Introduction

The everolimus-eluting bioresorbable scaffolds (BRS) represented a novel change in the treatment of coronary artery lesions. The BRS is composed of a poly-l-lactic acid (PLLA)—based platform. Besides the ability to have complete strut resorption at 36 months, there are several potential benefits of BRS including no trigger for thrombosis after resorption and restoration of vasoreactivity [1]. Typically, implantation of hard metallic implants straightens the coronary artery and thus modifies its curvature. A previous computational study demonstrated that after implantation of a metallic implant in a coronary artery, the curvature of the stent edges alters significantly which correlate to the changes in shear stress distribution and potentially with the neointimal proliferation pattern [2]. As implantation of coronary stents/scaffolds can alter blood rheology especially at the inflow and outflow edge of the stents, the vessel distortion post device implantation may contribute to early and late stent failure such as pertaining to stent fracture.
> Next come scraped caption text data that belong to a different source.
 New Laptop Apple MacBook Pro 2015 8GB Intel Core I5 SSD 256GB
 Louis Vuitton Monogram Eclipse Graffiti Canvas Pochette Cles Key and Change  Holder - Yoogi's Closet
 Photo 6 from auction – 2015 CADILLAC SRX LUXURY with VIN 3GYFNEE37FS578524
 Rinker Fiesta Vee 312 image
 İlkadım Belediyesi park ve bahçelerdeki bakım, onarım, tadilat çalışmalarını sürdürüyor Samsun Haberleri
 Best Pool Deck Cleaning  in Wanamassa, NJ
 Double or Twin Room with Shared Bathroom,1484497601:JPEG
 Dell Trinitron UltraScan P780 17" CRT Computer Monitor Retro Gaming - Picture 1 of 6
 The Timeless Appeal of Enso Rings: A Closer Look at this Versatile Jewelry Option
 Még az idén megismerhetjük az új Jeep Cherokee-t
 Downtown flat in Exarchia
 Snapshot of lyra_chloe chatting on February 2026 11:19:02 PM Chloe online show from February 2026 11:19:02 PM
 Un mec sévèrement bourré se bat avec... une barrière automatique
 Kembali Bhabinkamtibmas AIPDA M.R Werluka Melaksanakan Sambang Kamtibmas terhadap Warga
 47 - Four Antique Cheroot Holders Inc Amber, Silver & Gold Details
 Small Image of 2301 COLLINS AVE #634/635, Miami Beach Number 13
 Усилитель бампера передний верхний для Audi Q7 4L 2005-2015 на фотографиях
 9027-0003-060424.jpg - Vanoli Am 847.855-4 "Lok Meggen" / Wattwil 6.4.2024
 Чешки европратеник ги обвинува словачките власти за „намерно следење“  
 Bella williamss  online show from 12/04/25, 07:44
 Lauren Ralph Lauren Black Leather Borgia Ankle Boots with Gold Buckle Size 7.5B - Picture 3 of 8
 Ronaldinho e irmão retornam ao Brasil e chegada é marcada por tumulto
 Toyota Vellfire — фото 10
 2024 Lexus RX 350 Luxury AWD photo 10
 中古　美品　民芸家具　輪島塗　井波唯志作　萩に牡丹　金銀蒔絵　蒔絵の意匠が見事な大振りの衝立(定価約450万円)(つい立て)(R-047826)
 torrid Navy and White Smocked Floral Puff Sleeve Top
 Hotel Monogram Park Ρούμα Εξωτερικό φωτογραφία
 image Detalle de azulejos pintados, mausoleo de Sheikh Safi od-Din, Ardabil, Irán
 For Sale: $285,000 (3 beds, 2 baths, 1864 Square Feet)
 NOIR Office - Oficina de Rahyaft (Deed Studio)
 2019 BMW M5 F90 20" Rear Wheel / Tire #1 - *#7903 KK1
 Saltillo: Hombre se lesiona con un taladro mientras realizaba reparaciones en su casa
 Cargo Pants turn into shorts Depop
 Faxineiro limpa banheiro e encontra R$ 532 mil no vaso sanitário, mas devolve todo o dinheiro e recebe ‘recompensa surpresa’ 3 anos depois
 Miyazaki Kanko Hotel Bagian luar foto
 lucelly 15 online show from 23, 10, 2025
Geometric changes in the arteries post implantation are largely determined by the conformability of the stent [3]. The conformability of the stent has been described as the flexibility of a stent in its expanded state with adaptation to the natural shape of the vessel. A higher conformability of the stent is associated with less potential for vessel distortion and trauma [4].

Previous studies using BRS in short lesions demonstrate better conformability and favorable clinical outcomes compared to MPS in the acute setting [5, 6]. In the study by Gomez Lara et al., the acute change in curvature and angulation as quantified by quantitative coronary angiographic analysis was decreased in BRS compared to MPS [6] and was shown to recover on follow up [7]. This effect may be more pronounced and more relevant in a long lesion in either the coronary or peripheral arterial system. However, the acute effects of its implantation on vessel geometry in long coronary lesions are yet to be investigated. The aim of this study was to determine if there are any significant differences in terms of curvature of the treated vessel after the deployment of a polymeric scaffold device in long lesions and compare this to a MPS.

Methods

Study design, population, and treatment device

This is a non-randomized, 2-arm, retrospective study performed with patients from the BVS Expand and BVS STEMI First registries that received a everolimus eluting BRS (ABSORB-BVS, Abbott Vascular, Santa Clara, CA, USA) compared with a subset of historical controls from the same institutional registries (X-SEARCH) who received a cobalt chromium- everolimus eluting stent (CoCr-EES; XIENCER stent, Abbott Vascular, Santa Clara, CA, US).

In brief, the common inclusion criteria for this study are patients who had received a single BRS or CoCr EES that are 28 mm in length in long coronary lesions. The patients in the BRS group are selected from the BVS Expand [8] and BVS STEMI [9] registries which are single centre prospective observational registries conducted at Thorax Centre, Erasmus Medical Centre that evaluates the long term safety and performance of the BRS-absorb coronary stent in routine clinical practice post market registration. Informed, written consent was obtained from the patients before they undergo any procedure. The lesions are also more complex with more bifurcations and calcified lesions. From the X-SEARCH registry, patients with similar angiographic characteristics were selected for this study [10].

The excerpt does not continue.